# Aim of the task
Copy the lines below exactly. No picture goes into the copy.

# Data
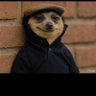 Meeki's profile picture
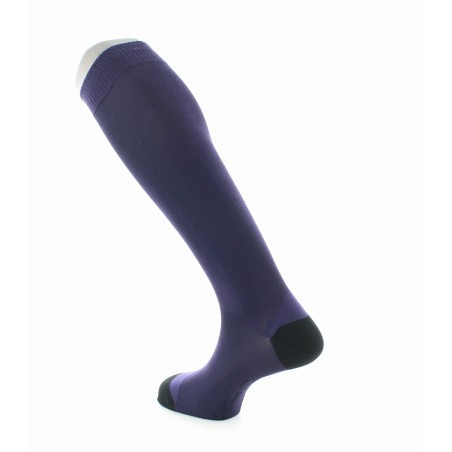 Chaussettes Hautes en Soie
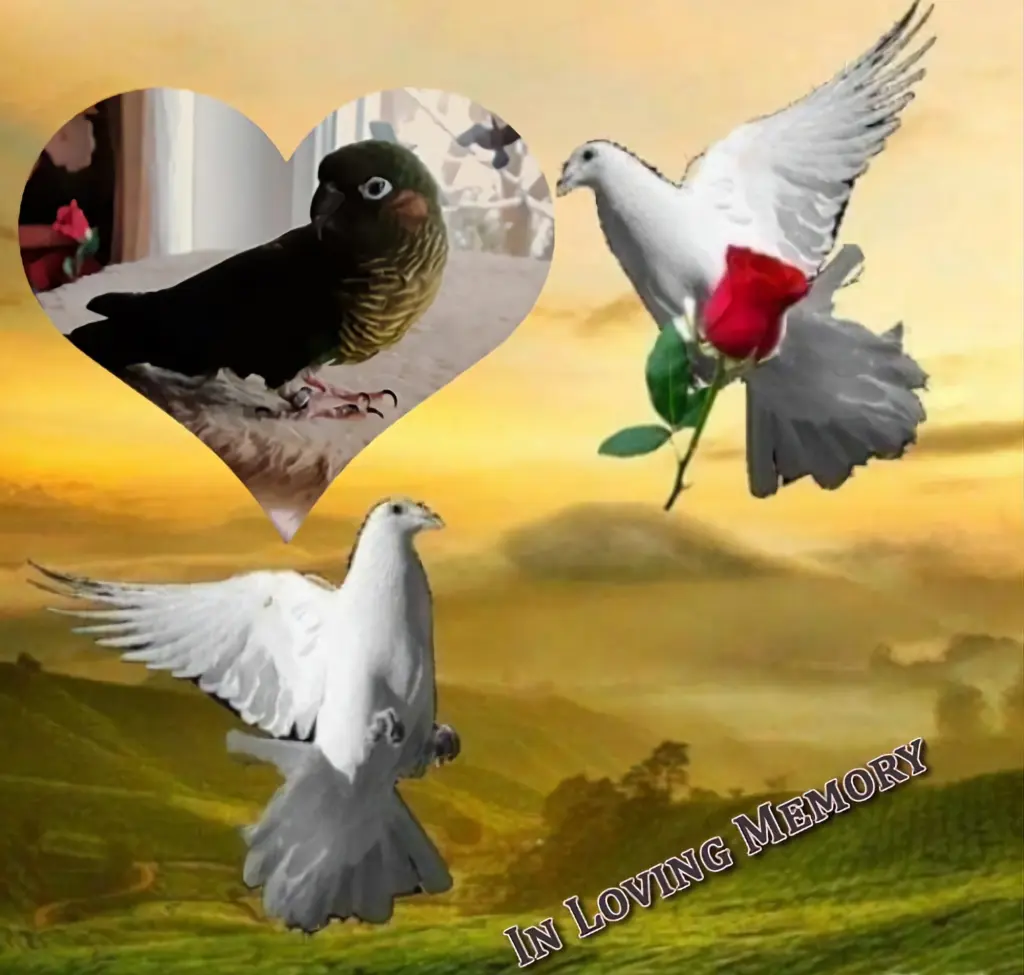 Condolence image of ❤️❤️❤️❤️❤️❤️❤️❤️❤️❤️❤️❤️❤️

# Task solution
 Meeki's profile picture
 Chaussettes Hautes en Soie
 Condolence image of ❤️❤️❤️❤️❤️❤️❤️❤️❤️❤️❤️❤️❤️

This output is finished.